KeyError - This will raise a key error if the key is not present in the store.

multiset(keys, values, buffer_size=1048576)

Set the data and metadata for a collection of keys.

Where supported by an implementation, this should perform the whole collection of sets as a single transaction.

Like zip() if keys and values have different lengths, then any excess values in the longer list should be silently ignored.

Parameters:
  • keys (iterable of strings) – The keys for the resources in the key-value store. Each key is a unique identifier for a resource within the key-value store.
  • values (iterable of (file-like, dict) tuples) – An iterator that provides the (data, metadata) pairs for the corresponding keys.
  • buffer_size (int) – An optional indicator of the number of bytes to read at a time. Implementations are free to ignore this hint or use a different default if they need to. The default is 1048576 bytes (1 MiB).
Events:
  • StoreProgressStartEvent - For buffering implementations, this event should be emitted prior to writing any data to the underlying store.
  • StoreProgressStepEvent - For buffering implementations, this event should be emitted periodically as data is written to the underlying store.
  • StoreProgressEndEvent - For buffering implementations, this event should be emitted after finishing writing to the underlying store.
  • StoreSetEvent - On successful completion of a transaction, a StoreSetEvent should be emitted with the key & metadata for each key that was set.
multiset_data(keys, datas, buffer_size=1048576)

Set the data for a collection of keys.

Where supported by an implementation, this should perform the whole collection of sets as a single transaction.

Like zip() if keys and datas have different lengths, then any excess values in the longer list should be silently ignored.

Parameters:
  • keys (iterable of strings) – The keys for the resources in the key-value store.
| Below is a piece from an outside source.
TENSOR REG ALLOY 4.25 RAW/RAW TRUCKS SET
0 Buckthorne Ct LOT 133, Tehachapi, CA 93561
Each key is a unique identifier for a resource within the key-value store.
  • datas (iterable of file-like objects) – An iterator that provides the data file-like objects for the corresponding keys.
  • buffer_size (int) – An optional indicator of the number of bytes to read at a time. Implementations are free to ignore this hint or use a different default if they need to. The default is 1048576 bytes (1 MiB).
Events:
  • StoreProgressStartEvent - For buffering implementations, this event should be emitted prior to writing any data to the underlying store.
  • StoreProgressStepEvent - For buffering implementations, this event should be emitted periodically as data is written to the underlying store.
  • StoreProgressEndEvent - For buffering implementations, this event should be emitted after finishing writing to the underlying store.
  • StoreSetEvent - On successful completion of a transaction, a StoreSetEvent should be emitted with the key & metadata for each key that was set.
multiset_metadata(keys, metadatas)

Set the metadata for a collection of keys.

Where supported by an implementation, this should perform the whole collection of sets as a single transaction.

Like zip() if keys and metadatas have different lengths, then any excess values in the longer list should be silently ignored.

Parameters:
  • keys (iterable of strings) – The keys for the resources in the key-value store. Each key is a unique identifier for a resource within the key-value store.
  • metadatas (iterable of dicts) – An iterator that provides the metadata dictionaries for the corresponding keys.
Events:

StoreSetEvent - On successful completion of a transaction, a StoreSetEvent should be emitted with the key & metadata for each key that was set.

multiupdate_metadata(keys, metadatas)

Update the metadata for a collection of keys.

Where supported by an implementation, this should perform the whole collection of sets as a single transaction.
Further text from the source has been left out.